2) Dash lights are as normal but immobilizer light blinks. Car starts then stops. Scan shows intermittent communication problem with Instrument Cluster. First scan below is an example of that. 
3) Dash lights are all off except for red battery light. Car starts then stops. Scan shows communication failure with Instrument Cluster. Second scan below is an example of that. 

The car was working fine, then exhibited state #2. It cleared after I left the key on for 10 minutes or so and cleared codes with the VAG-Com. I don't know which resolved it. 

The car worked for a few days, then went to state #3. It cleared after I left the key on for 10 minutes or so and cleared codes with the VAG-Com. I don't know which resolved it. 

The car worked for a few days, then went to state #3 again. I have not been able to clear it yet. 

My assumption is that the communication problem is a failure of the ECU, wiring, or Instrument cluster. I removed the connectors at the ECU and Instrument Cluster (battery disconnected) and they looked clean and dry. 
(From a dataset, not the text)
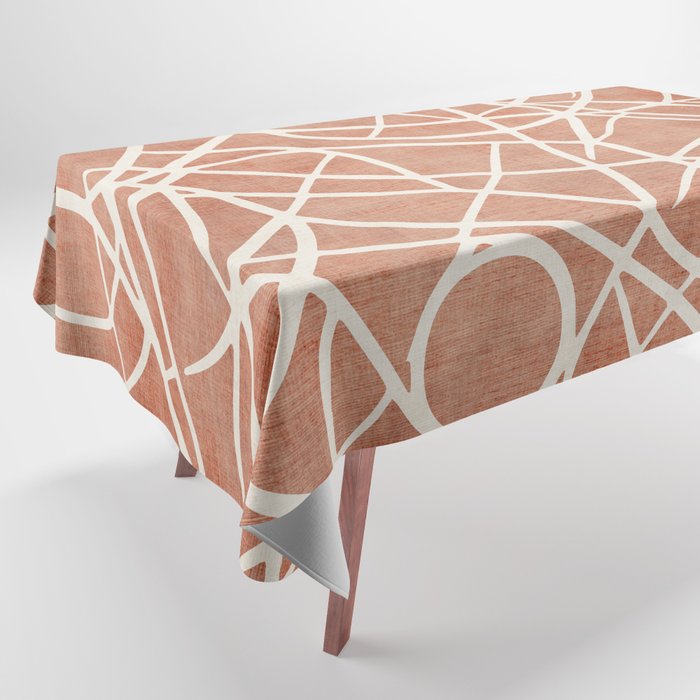 Terracotta White Lines Abstract Artwork Tablecloth Gallery Image 1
My next step is to test the harness. As I read the Bentley schematics (a bit of a challenge!), it appears that pins 19 and 20 on the green connector on the Instrument Cluster have the CAN high and low signals respectively. They travel through wires A121 and A122 to pins 60 and 58 on the T121 connector on the ECU. 

The Bentley manual suggests testing pins 60 and 58 at the ECU and checking for proper resistance (about 70 ohms, I believe, but will check). If that passes, it recommends testing the cable for no shorts or opens. 

I intend to test a bit differently. I will probe pins 19 and 20 on the green connector and read the resistance from there. Assuming it is within spec, I will move the harness around and watch for significant changes. I figure this to be a more thorough test. 

I was not able to find the connector pinout for the Instrument Cluster connectors. Can anyone suggest where to find such a thing? I'm unclear as to which are pins 19 and 20. I can make an educated guess, but prefer to be more certain. 

One last note.... the battery measures 12.5-12.6v with the engine not running, and around 13.6 with it running. I'm seeing no significant change if I measure it from the chassis to a hot terminal on the car. 

Any input on this is greatly appreciated! 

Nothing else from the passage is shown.